# BRIEF
Using the data below, reproduce exactly the lines from the line with "Wish list concept." to the line with "yuzu vanilla cupcakes", both included; pictures must be dropped.

# RECORDS FOR THIS TASK
== Segment start ==
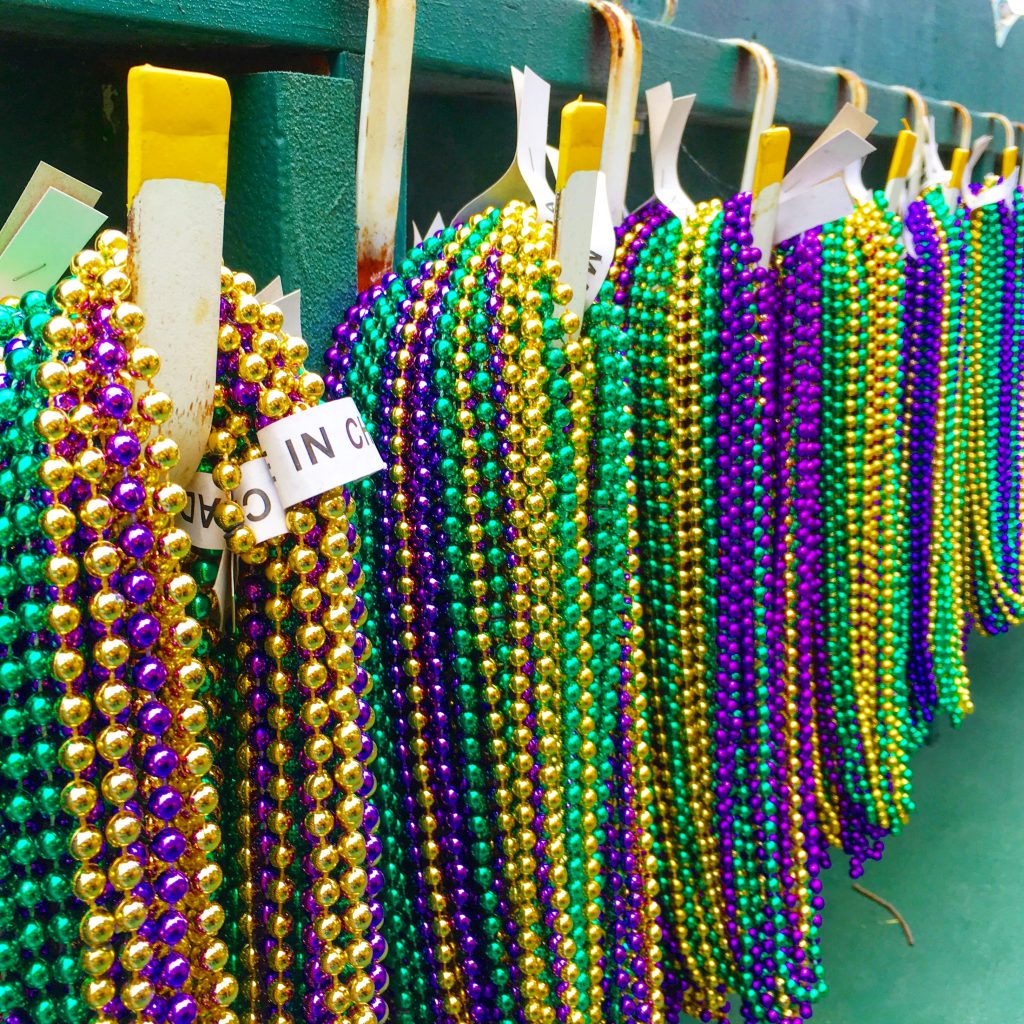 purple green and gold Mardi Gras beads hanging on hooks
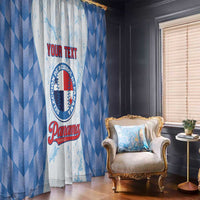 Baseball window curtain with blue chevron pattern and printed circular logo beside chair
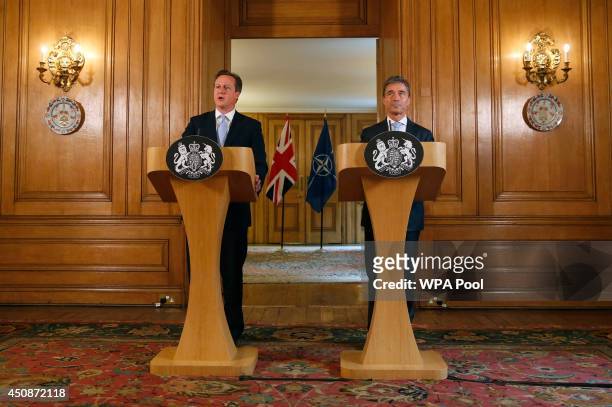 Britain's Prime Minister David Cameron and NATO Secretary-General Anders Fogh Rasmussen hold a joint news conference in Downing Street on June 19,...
== Segment end ==
== Segment start ==
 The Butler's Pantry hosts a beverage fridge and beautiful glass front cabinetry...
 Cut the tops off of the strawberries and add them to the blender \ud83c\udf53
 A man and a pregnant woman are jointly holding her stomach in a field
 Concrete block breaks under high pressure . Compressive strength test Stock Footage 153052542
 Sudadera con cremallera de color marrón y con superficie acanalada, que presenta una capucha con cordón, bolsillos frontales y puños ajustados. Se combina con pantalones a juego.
== Segment end ==
== Segment start ==
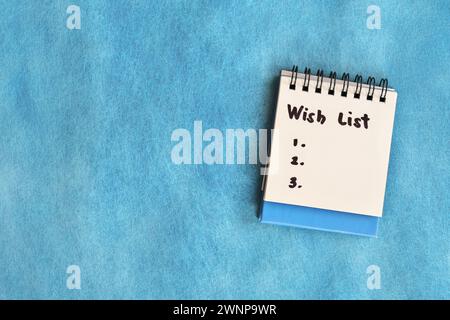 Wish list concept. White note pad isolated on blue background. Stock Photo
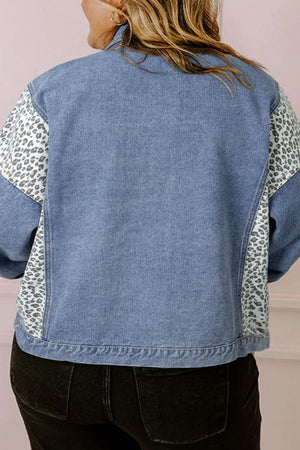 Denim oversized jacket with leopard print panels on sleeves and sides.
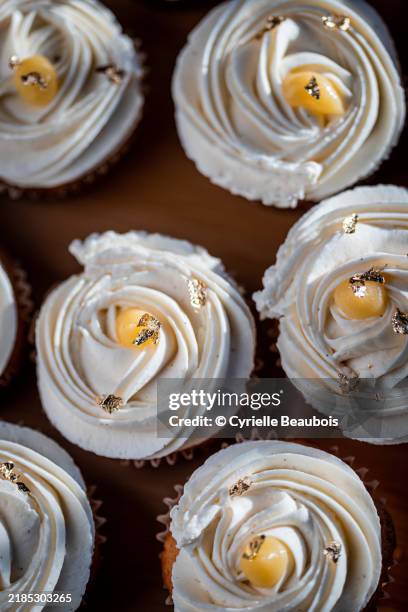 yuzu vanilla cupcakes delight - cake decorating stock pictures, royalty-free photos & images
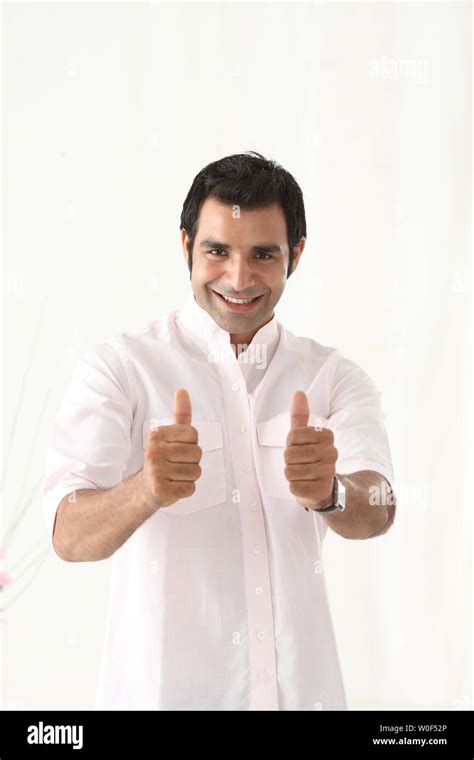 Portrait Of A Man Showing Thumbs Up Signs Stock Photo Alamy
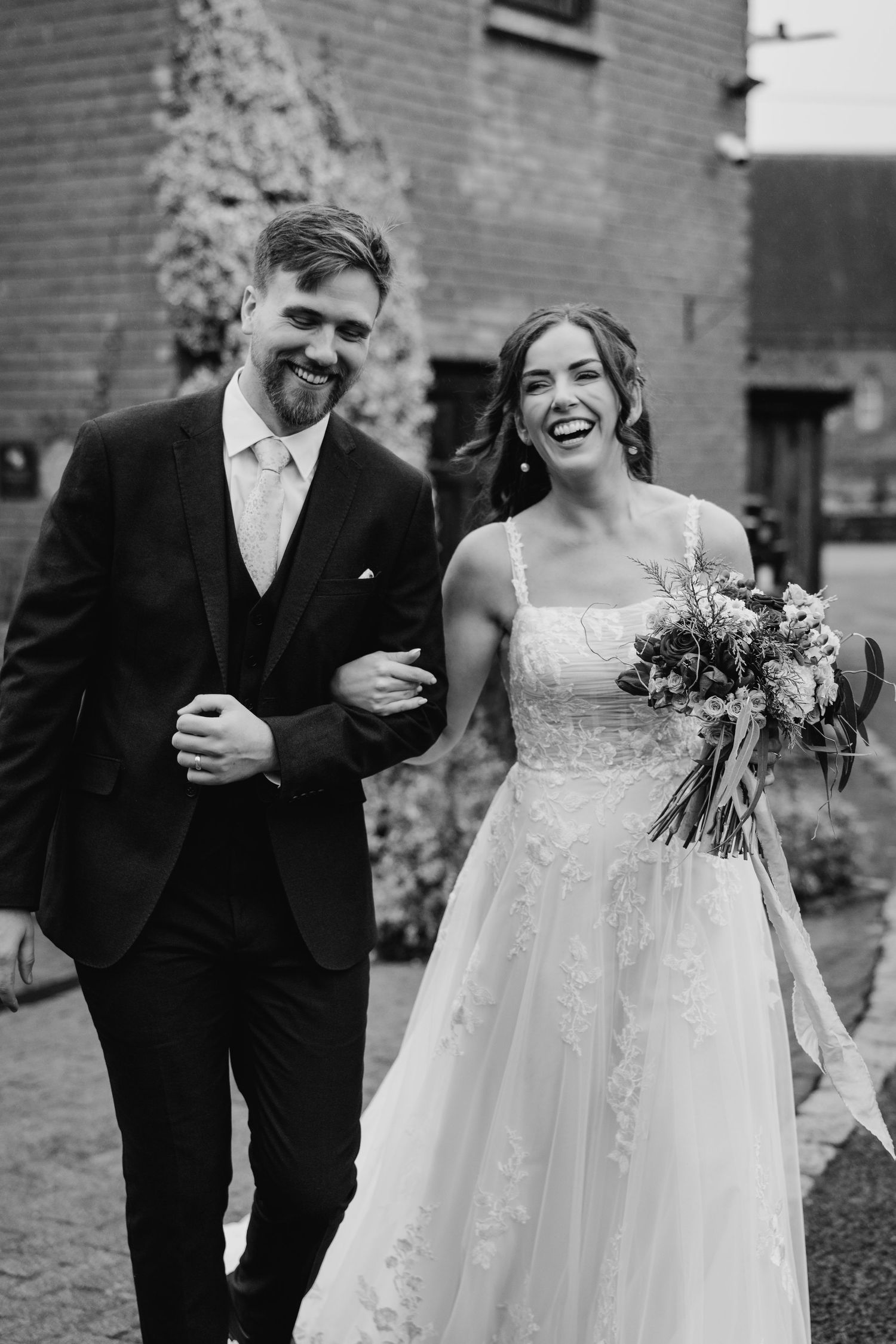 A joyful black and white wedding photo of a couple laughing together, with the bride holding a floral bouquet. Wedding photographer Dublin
== Segment end ==
# COMPLETED EXERCISE
 Wish list concept. White note pad isolated on blue background. Stock Photo
 Denim oversized jacket with leopard print panels on sleeves and sides.
 yuzu vanilla cupcakes delight - cake decorating stock pictures, royalty-free photos & images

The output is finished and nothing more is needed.